After the agreement, HMR and Andrx "did not actively pursue"
their patent suit, Andrx did not begin selling its generic
product, and the 180 day Hatch-Waxman period did not begin to
run. See id. Consequently, producers of competing generic
products were unable to compete against either HMR or Andrx. See
id. at 1047. Plaintiffs alleged that the defendants acted for
the sole purpose of delaying and preventing competition. See
id. at 1053. The defendants removed to federal court, arguing
that plaintiffs' claims hinged on the validity of defendants'
patents, raising a substantial question of patent law. The court
disagreed, concluding that plaintiffs claims did not depend on
whether the defendants' patents were valid — only whether
defendant had an impure heart when it filed suit. See id. Judge
Vratil explained: "Any discussion of patent law is merely
tangential to plaintiffs' claim that [defendant] had an ill
motive which resulted in unfair competition. While federal law
may be implicated in an examination of [defendant's] motives, it
is hardly a substantial or necessary part of plaintiffs' claim."
Id. at 1054.
Similar suits were consolidated and tried in the In Re
Cardizem CD Antitrust Litigation, 90 F. Supp.2d 819 (E.D.Mich.

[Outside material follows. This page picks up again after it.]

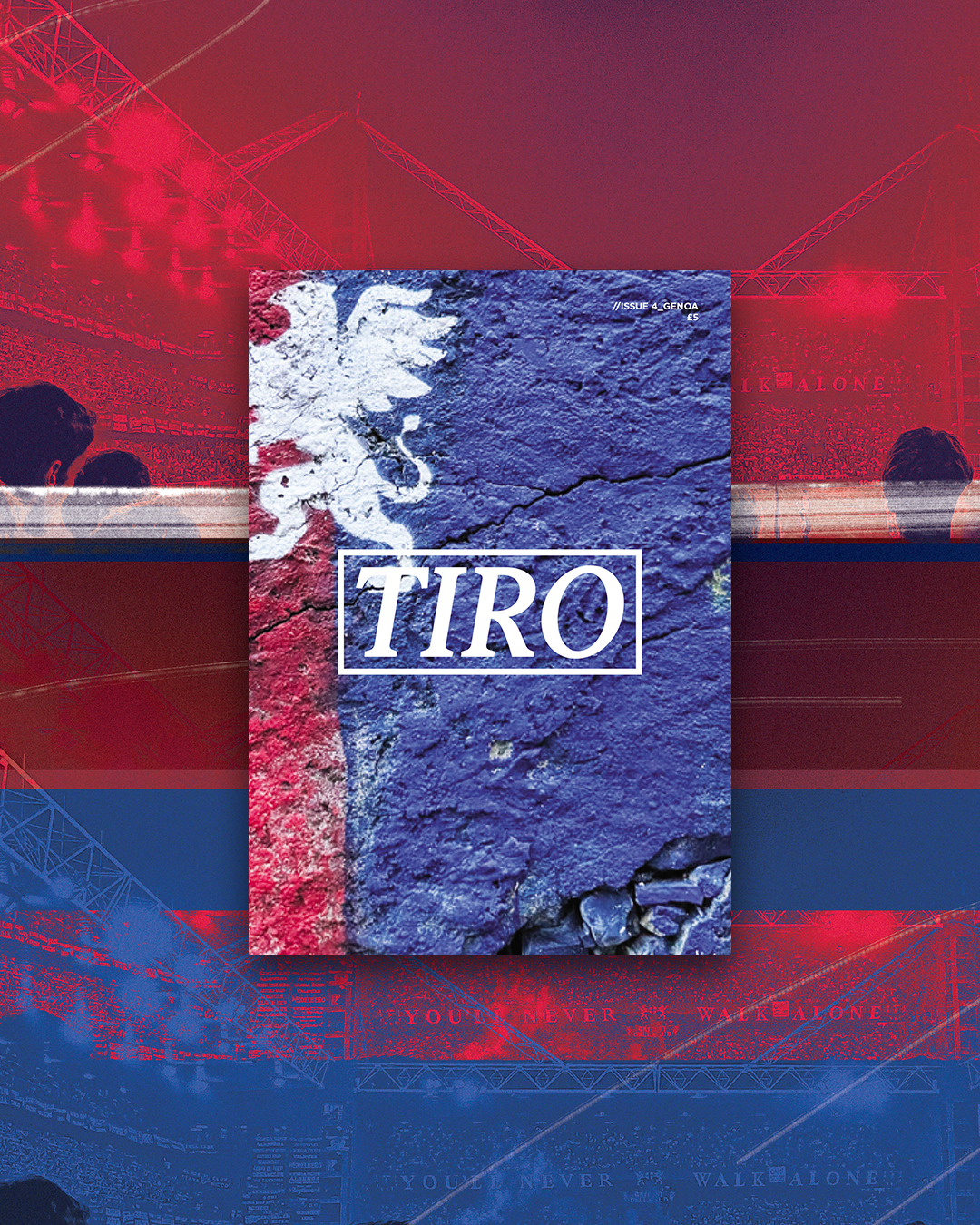TIRO Issue 4: Genoa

1999). In Cardizem, plaintiffs alleged that defendants violated
various state antitrust statutes and common law principles of
unjust enrichment by instigating patent litigation for the sole
purpose of delaying and preventing competition. See id. at 839.
The Michigan court, relying entirely on the reasoning in Aetna,
concluded that plaintiff's allegations of impure heart when it
filed patent infringement suit did not depend on resolution of a
substantial question of federal law. See id.

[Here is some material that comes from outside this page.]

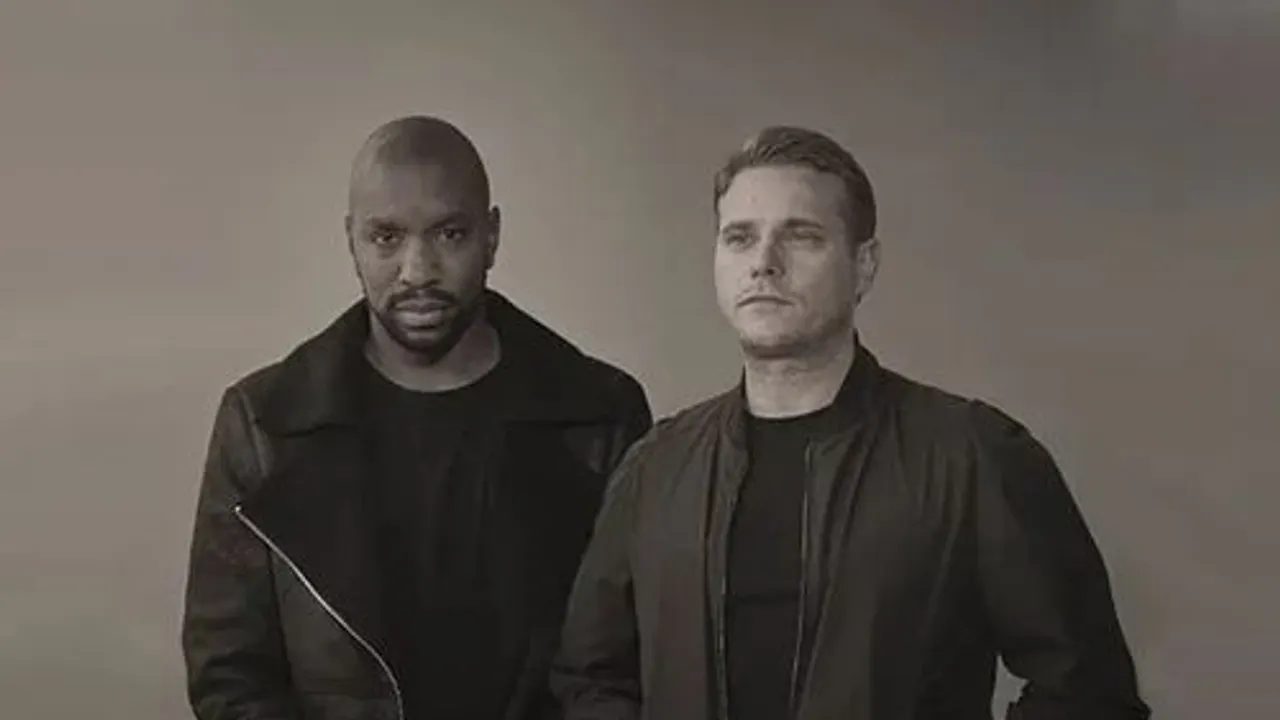Artful Dodger « UK Legends DJ Night »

Altman's § 349 theories are virtually identical to those
alleged in Cardizem and Aetna. Here, the plaintiff has
alleged that defendants acted with an impure heart when Bayer
brought litigation against
Barr for patent infringement; entered the Stipulation to extend
the 30-month waiting period; signed the Agreement in which Barr
agreed not to market its generic Cipro in exchange for $24.5
million; and entered into a consent judgment acknowledging the
validity of Bayer's patent. Following Christianson, plaintiff's
alternate theories make it unnecessary to resolve any substantial
question of patent law for plaintiff to prevail.
The motion to remand is therefore granted.
This constitutes the decision and order of the Court.